10:44:23 ip-10-0-3-115 kernel: sshd invoked oom-killer: gfp_mask=0x100cca(GFP_HIGHUSER_MOVABLE), order=0, oom_score_adj=0 Jan 10 10:44:23 ip-10-0-3-115 kernel: CPU: 0 PID: 5052 Comm: sshd Not tainted 5.10.157-139.675.amzn2.x86_64 #1 Jan 10 10:44:23 ip-10-0-3-115 kernel: Hardware name: Xen HVM domU, BIOS 4.11.amazon 08/24/2006 Jan 10 10:44:23 ip-10-0-3-115 kernel: Call Trace: Jan 10 10:44:23 ip-10-0-3-115 kernel: dump_stack+0x57/0x70 Jan 10 10:44:23 ip-10-0-3-115 kernel: dump_header+0x4a/0x1f4 Jan 10 10:44:23 ip-10-0-3-115 kernel: oom_kill_process.cold+0xb/0x10 Jan 10 10:44:23 ip-10-0-3-115 kernel: out_of_memory+0xed/0x2d0

SSM Agent Details Installed Packages Name : amazon-ssm-agent Arch : x86_64 Version : 3.2.419.0 Release : 1 Size : 99 M

Will be trying the suggestion by @tomaskovacik to create a swap space.

jgfoster commented 1 year ago

I had an instance become unresponsive today (see here).

tomaskovacik commented 1 year ago

@chandrakantmkarale did it help?

thimslugga commented 1 year ago

Having some sort of swap space e.g. 1GiB swap file is necessary for the kernel to be able to perform proper memory management i.e. memory reclaim, etc.

MarkBone commented 1 year ago

I fought a lot to solve this finally got it! In my case it was a memory leakage of my application, a function opened numerous threads and did not kill them, until the system had no memory.

The fact that Amazon-SSM-Agent appears as the process that is most consuming memory, has absolutely no relationship!
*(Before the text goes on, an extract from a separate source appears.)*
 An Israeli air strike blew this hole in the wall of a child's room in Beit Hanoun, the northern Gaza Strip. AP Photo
The problem in fact is its application, some function/library is causing memory leakage.

How to identify?

Start by turning off services, or parts of your code, until ideal for which part/service is the villain. Closing the funnel until you reach the line of the code that is the villain of history.

Try this approach, I have 99.99% sure that that's it.
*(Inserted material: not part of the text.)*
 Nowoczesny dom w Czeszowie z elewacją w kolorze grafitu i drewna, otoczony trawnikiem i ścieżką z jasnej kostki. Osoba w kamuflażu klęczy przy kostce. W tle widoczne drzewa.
VishnuKarthikRavindran commented 3 months ago

Hi all, We have made some improvements in the latest version. We also addressed tight loop in the version -https://github.com/aws/amazon-ssm-agent/releases/tag/3.2.1542.0. Please reopen if the issue persists.

jgfoster commented 3 months ago

@VishnuKarthikRavindran – I've run apt update && apt list --upgradable and don't see ssd-agent-worker in the list. How do I get this fix?

thimslugga commented 3 months ago

@VishnuKarthikRavindran – I've run apt update && apt list --upgradable and don't see ssd-agent-worker in the list. How do I get this fix?

Are you running Ubuntu? If so, you likely are using the Snapped version of the SSM Agent and you would need to get the update via the Snap store.

snap list

snap refresh --list

snap info amazon-ssm-agent

sudo snap refresh

https://snapcraft.io/amazon-ssm-agent

https://snapcraft.io/docs/getting-started#heading--refreshing

https://docs.aws.amazon.com/systems-manager/latest/userguide/agent-install-ubuntu-64-snap.html

jgfoster commented 3 months ago

Ah, I see. I didn't realize that the fix was implemented nine (9) months ago!